The issue is not whether external frameworks should be rejected wholesale. Many provide genuinely useful comparative tools and promote institutional integrity that benefits citizens directly. The question is a more precise one: whether they are being adopted strategically, after examination and deliberate choice, or absorbed reflexively, as the path of least resistance through a perception field that was never examined because it arrived pre-validated by institutional authority.
When narratives are internalised without examination, they narrow imagination at exactly the level where imagination matters most: in the space where governance is designed. They shape which reforms are considered viable. They influence which industries receive serious policy attention. They determine what success looks like in practice and therefore what gets measured, what gets funded, and what gets built.
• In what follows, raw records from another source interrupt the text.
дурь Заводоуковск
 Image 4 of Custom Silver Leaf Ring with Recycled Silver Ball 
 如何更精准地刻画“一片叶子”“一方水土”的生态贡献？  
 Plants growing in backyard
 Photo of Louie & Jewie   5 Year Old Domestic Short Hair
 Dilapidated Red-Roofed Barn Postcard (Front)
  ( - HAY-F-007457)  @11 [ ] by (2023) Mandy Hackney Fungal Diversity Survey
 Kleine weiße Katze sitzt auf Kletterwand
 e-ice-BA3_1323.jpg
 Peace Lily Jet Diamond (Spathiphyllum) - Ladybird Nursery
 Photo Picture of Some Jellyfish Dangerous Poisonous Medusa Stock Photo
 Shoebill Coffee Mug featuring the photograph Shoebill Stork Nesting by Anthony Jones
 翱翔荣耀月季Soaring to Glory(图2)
The governance that results is not ungoverned. It is governed by assumptions whose origins have been forgotten.
To re-engineer systems at this level, one must first identify which governing assumptions originated externally and have since become internal common sense, no longer visible as imports but experienced as simply the way serious institutions think. That identification is the prerequisite for everything that follows, because you cannot choose between an assumption you hold and an alternative you have not yet seen as an assumption.
Narrative engineering at this level is not about isolation from global conversation. It is about authorship within it. Partnership without narrative sovereignty produces alignment without direction, because the direction is being set by the narrative the partner brought to the table. If exported narratives precede governance design, then intentional narrative authorship must precede governance redesign. The work is not to reject global conversation but to enter it having decided, clearly and in advance, which stories belong to you, which you are choosing to adopt for specific reasons, and which you are declining because they do not serve what you are actually trying to build.
That clarity is not the end of the work. It is the condition that makes the work possible.